The class was working in small groups, and the professor pivoted and turned in the middle of the room to ensure that she made eye contact with everyone. I looked at the members of my small group, which just happened to be all the constructed people of color and other marginalized folks in the room: two African Americans (including me), one Afro-­Latinx, one White LGBTQ+ female, and one Muslim student. The remaining and dominant number of students in the classroom were constructed as White American.

"N***** is just a word," the White female professor said for the second time. She was short, and I swore that she bounced slightly up on the balls of her feet in beat, two times, with the consonant sounds in the word, n**-***.

Taiyon J. Coleman
Taiyon J. Coleman (pictured) is a poet, writer, and educator. She is associate professor of English and women's studies at St. Catherine University in St. Paul, Minnesota. Taiyon J. Coleman

We had read many essays and books, including Pedagogy of the Oppressed by Paulo Freire and the classic "Just Walk On By: Black Men in Public Space" by Brent Staples. Freire's text links the struggle of oppression to understanding one's position to the world and power central to the educational process and, in my view, to writing (literacy) acquisition.

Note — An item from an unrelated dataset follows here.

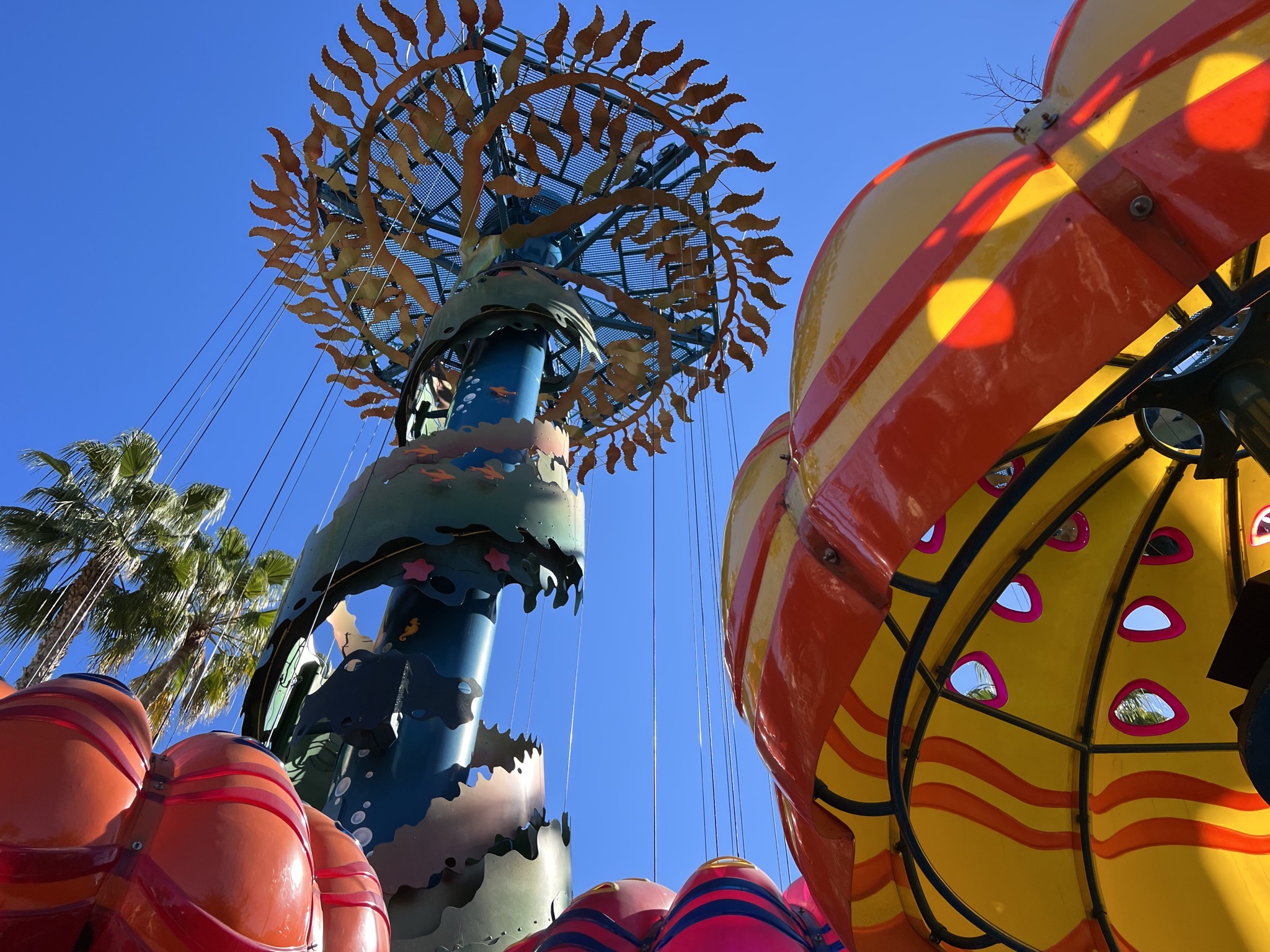 Jumpin' Jellyfish ride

Staples writes about how his education did not prevent him from being viewed through gendered and racial stereotypes. There was discussion of words and their constructed meanings, and the professors emphasized how all words only have power when people who use and hear those words are complicit in the construction of the power: blah, blah, blah, and super-­blah.

So I asked a person in the classroom, who is a descendant of African slaves in the United States, if he was only offended by the use of the word n***** because he was complicit in creating its derogatory meaning at the moment the professor let the word n***** slip from her lips.

It seemed that I just had to merely concede that in the professor's use of the word n*****, she wasn't really acknowledging the racist, violent, and hegemonic social historical, political, and exclusionary affect and effect of the word on me as an African American and others as non–­African Americans in the classroom.

It was just a word. Right? Wow! It was like magic!

Where had this theory been all my life, especially when I had been subjected to equally derogatory argumentative identity words of bitch, hoe, slut, darkie, dumb, lazy, stupid, fat, and pussy, to name a few?

I was trying really hard to understand how our class lecture arrived at this vast breach in the classroom knowledge and experience. I was also trying really hard to ignore her, but I am not really good at that, so I went back into the conversation.

"Excuse me. I am sorry, but I didn't understand what you said." I thought that was a good place to start.

I looked the professor directly in her eyes, and she showed no signs of retreating. I was new to graduate school and the ways scholars boldly manipulate and use theory to obscure and perpetuate the silence and invisibility of the Other and their experiences.

The other groups stopped working, and the class fell silent. The male professor made his way over to our group and positioned himself closer to the female professor. The male professor didn't repeat what his colleague said, but his physical proximity to the professor's body was a show of support, and his colleague went back in for the kill.

"N***** is just a word. Rhetoric is a form of communication, and words only carry the meanings that we give to them," she explained like she was explaining how to solve a variable equation on the board for the third time. In that moment the professor created a paradigm where our identities and experiences of meaning could not exist simultaneously. My identity and experiences had to die in order for hers to dominate the classroom discourse, her lesson plans, and meanings that she was so well-­meaningly creating for the classroom.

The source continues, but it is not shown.